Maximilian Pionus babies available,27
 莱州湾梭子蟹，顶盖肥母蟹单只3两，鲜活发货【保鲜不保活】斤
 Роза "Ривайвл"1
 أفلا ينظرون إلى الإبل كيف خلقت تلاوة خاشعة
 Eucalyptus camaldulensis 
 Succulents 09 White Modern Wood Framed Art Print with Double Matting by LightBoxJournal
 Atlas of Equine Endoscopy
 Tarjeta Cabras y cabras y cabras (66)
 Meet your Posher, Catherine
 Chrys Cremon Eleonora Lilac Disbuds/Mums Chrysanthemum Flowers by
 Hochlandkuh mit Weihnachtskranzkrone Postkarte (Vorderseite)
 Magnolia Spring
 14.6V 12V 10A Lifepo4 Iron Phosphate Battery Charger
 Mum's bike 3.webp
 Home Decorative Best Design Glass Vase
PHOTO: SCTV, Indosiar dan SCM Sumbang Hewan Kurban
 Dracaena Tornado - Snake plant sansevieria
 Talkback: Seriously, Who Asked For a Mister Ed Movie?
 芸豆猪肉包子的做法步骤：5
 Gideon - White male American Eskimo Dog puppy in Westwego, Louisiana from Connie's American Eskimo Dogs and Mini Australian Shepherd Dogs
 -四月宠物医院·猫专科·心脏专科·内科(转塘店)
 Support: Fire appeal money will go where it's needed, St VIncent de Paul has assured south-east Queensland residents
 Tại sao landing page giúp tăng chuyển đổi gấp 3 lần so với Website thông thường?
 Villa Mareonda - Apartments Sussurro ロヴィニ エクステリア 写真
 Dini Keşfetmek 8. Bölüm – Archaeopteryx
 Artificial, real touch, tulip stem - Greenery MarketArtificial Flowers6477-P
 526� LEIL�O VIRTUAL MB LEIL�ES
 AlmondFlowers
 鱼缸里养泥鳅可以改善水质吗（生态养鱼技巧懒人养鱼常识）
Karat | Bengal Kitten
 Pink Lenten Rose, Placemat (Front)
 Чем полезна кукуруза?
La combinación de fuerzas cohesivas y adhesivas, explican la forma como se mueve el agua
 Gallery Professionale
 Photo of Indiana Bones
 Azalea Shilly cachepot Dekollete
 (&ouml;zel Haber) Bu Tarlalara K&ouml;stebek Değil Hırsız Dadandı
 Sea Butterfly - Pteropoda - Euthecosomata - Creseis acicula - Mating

○ ○ ○ ○ ○ ○ ○

#### TASK TO CARRY OUT:
Reproduce only what lies between the start of the listing above and the end of the line containing "Home Decorative Best Design Glass Vase", keeping every line exact.

#### TASK RESPONSE:
Maximilian Pionus babies available,27
 莱州湾梭子蟹，顶盖肥母蟹单只3两，鲜活发货【保鲜不保活】斤
 Роза "Ривайвл"1
 أفلا ينظرون إلى الإبل كيف خلقت تلاوة خاشعة
 Eucalyptus camaldulensis 
 Succulents 09 White Modern Wood Framed Art Print with Double Matting by LightBoxJournal
 Atlas of Equine Endoscopy
 Tarjeta Cabras y cabras y cabras (66)
 Meet your Posher, Catherine
 Chrys Cremon Eleonora Lilac Disbuds/Mums Chrysanthemum Flowers by
 Hochlandkuh mit Weihnachtskranzkrone Postkarte (Vorderseite)
 Magnolia Spring
 14.6V 12V 10A Lifepo4 Iron Phosphate Battery Charger
 Mum's bike 3.webp
 Home Decorative Best Design Glass Vase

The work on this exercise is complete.